Belleza raybradburiana






En referencia a la tragedia del transbordador espacial STS-107 Columbia. Febrero 2. 2003 


¡Qué espectáculo cósmico! Qué pureza visual fundiendo, en la metáfora del fuego interior, a los mismísimos toltecas con los modernos héroes trágicos. Un punto ígneo desplazándose que, como nos enseñara Kandinski, dibuja una línea blanca interminable en el rabiosamente azul cielo de Texas. ¡Que modo de morir acercándote a los dioses!

Vas a seis kilómetros por segundo pero casi no te das cuenta que te mueves. Seleccionas la ventana de reentrada. Sientes una vibración muy sutil que va en aumento hasta que toda la nave recibe una serie periódica de breves sacudidas. En menos de media hora estarás en tierra, ciento cincuenta kilómetros más abajo. Entonces hay un par de indicadores de alarma en los mandos, te giras y te envuelve un súbito resplandor.

Como diría Horacio Guaraní plagiando a Atahualpa Yupanki: volver a la tierra, pero no en abono de viñedo para renacer en vino, sino derramándose en polvo cósmico. Volver a la tierra con algo de las estrellas. Nada de crematorio público, una urna bien de precio y espolvoreado de las cenizas sobre un prado o desde un muelle de pesca... de un modo embarazoso, en pequeña escala y casi a escondidas.
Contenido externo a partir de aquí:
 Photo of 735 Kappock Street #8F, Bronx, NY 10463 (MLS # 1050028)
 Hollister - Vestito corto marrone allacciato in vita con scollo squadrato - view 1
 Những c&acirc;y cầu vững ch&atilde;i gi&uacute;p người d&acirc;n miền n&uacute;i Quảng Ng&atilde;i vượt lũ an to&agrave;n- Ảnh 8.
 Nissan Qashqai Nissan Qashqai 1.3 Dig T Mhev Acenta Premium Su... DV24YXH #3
Qué mejor que una cremación por fricción atmosférica, a la vista de todo el mundo, sobre una trayectoria escogida de antemano para derramarse a lo largo de varios cientos de kilómetros.

Habría que proponerlo como ceremonia fúnebre de estadistas o grandes hombres –Nelson Mandela, Bruce Springteen, el Papa– o abierta a la iniciativa privada de los grandes frívolos como Michel Jackson o Georges W. Bush. No sólo es exaltación del ego e importancia personal. También resuelve el problema de volver a la tierra de quienes han estado en varios lugares queridos. Y entonces, la gente que se interesase podría salir al amanecer, o a la media mañana –al mediodía no, para no desmerecer visualmente el fenómeno– pero durante el crepúsculo o por la noche sería extraordinario. Elevar la vista a la fugaz lengua de fuego, allá en el firmamento... y tener momentos consecutivos de belleza, de silencio, de misterio, de discernimiento y de esperanza. Con los ojos súbitamente paralelos casi enfocando el infinito. Mientras allá arriba, el cacharro brulante con el fiambre, el suicida, o el mago si fuera el caso, se va desarmando y precipitándose a tierra en una franja que une varias ciudades.
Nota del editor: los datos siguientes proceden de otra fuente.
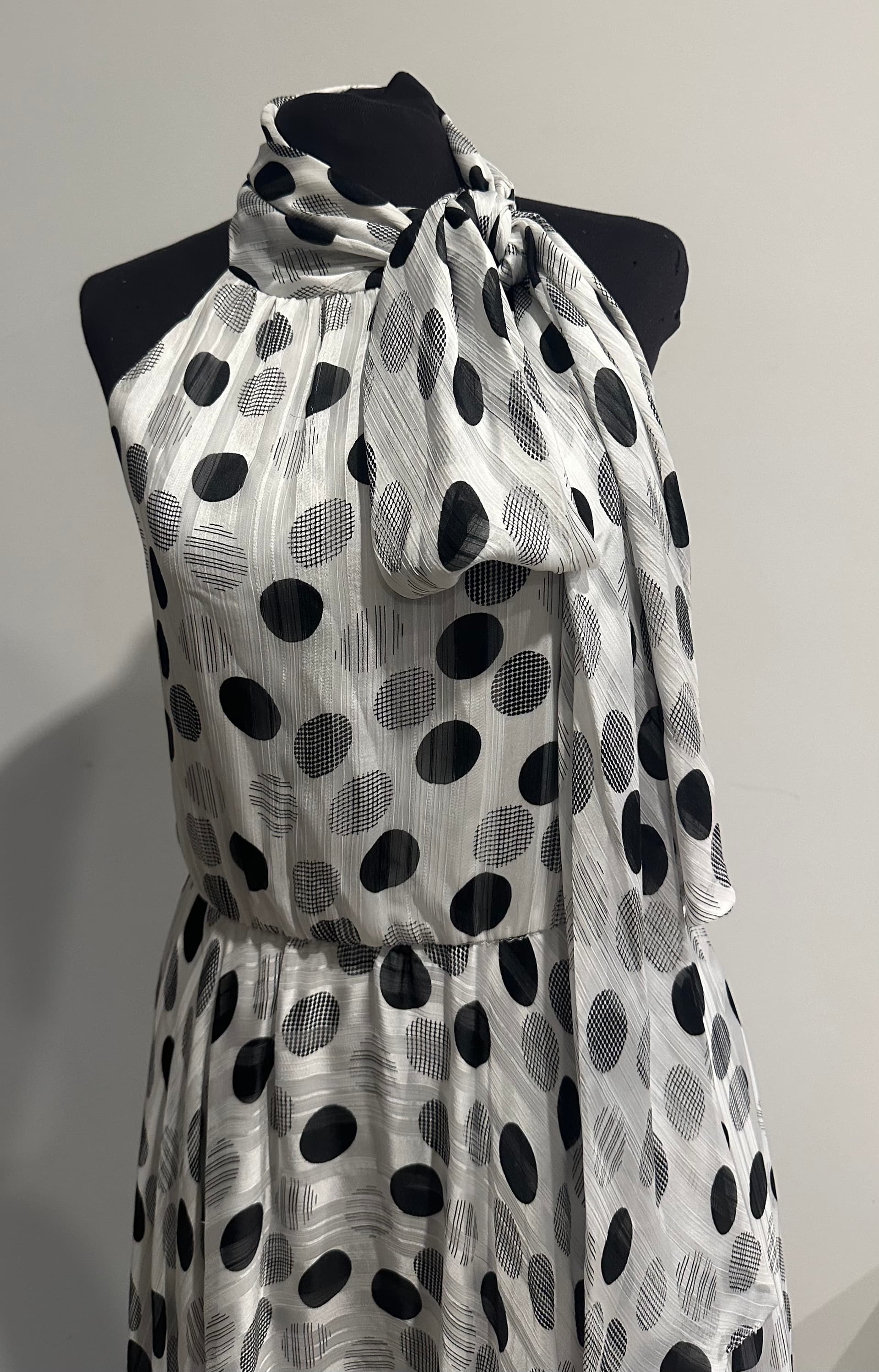 Photo by https://trato-hecho.nyc3.digitaloceanspaces.com/nextImages/(3)-vestido-de-fiesta-6-VEST MOTAS3.jpeg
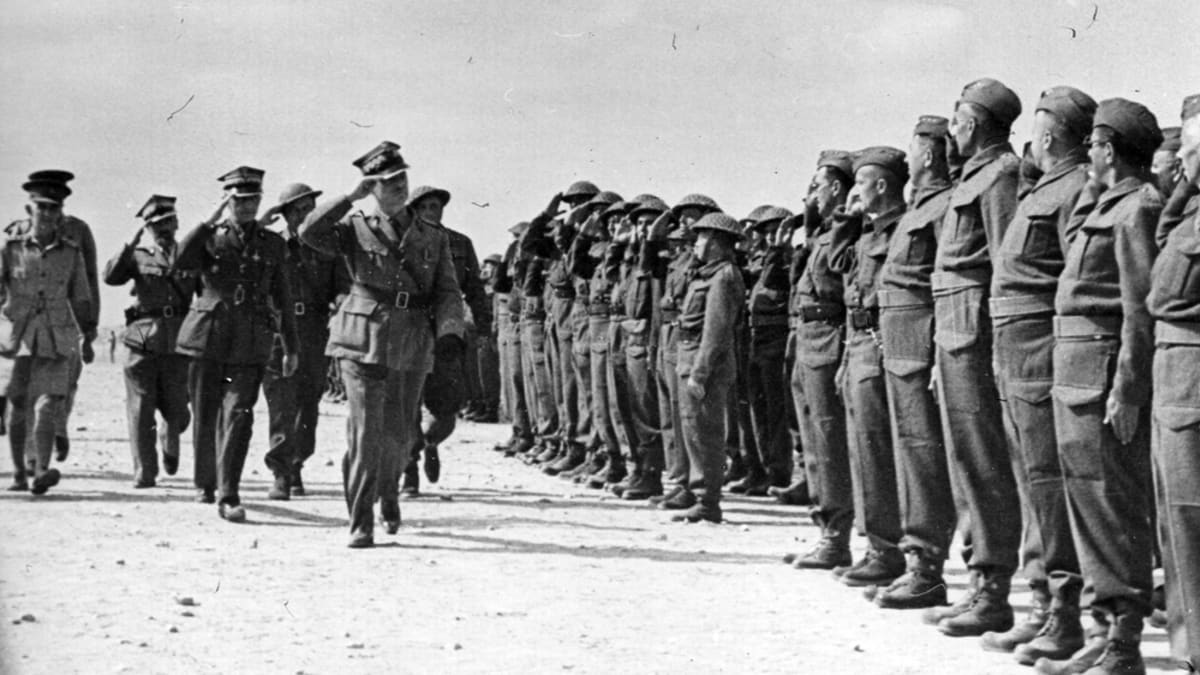 Generál Sikorski na inspekci polských vojsk v severní Africe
Ahí está el problema que, si las dos o más ciudades están muy alejadas o no alineadas en una recta, el asunto se complica y desdibuja. En esos casos hay que elegir –con un buen geógrafo astronáutico– una ventana de reentrada que garantice un llamemos "tobogán de aspersión". Por ejemplo, en mi caso lo primero que tendría que decidir sería entre Europa y Sudamérica. Pongamos que fueran las Américas, no estaría mal elegir un itinerario que arrancara en una ventana de reentrada entre Valdez y Bahía Blanca, por decir algo, para asegurar una franja de visualización-aspersión que siguiera más o menos la rutas sumadas del Cóndor y la vieja Ablo-General Urquiza. Entonces, luego de la pirotecnia, alguien encontraría las gafas semifundidas entre las piedras de La Perla al lado del barcito de playa San Sebastián, un barbel cerca de Aeroparque, un par de anillos en el Parque Independencia y una varilla rara, con un tornillo en la punta –que resultaría uno de esos ingenios que ponen dentro del hueso para quebraduras de tibia– clavada en aquel árbol histórico frente al Panteón de los Héroes.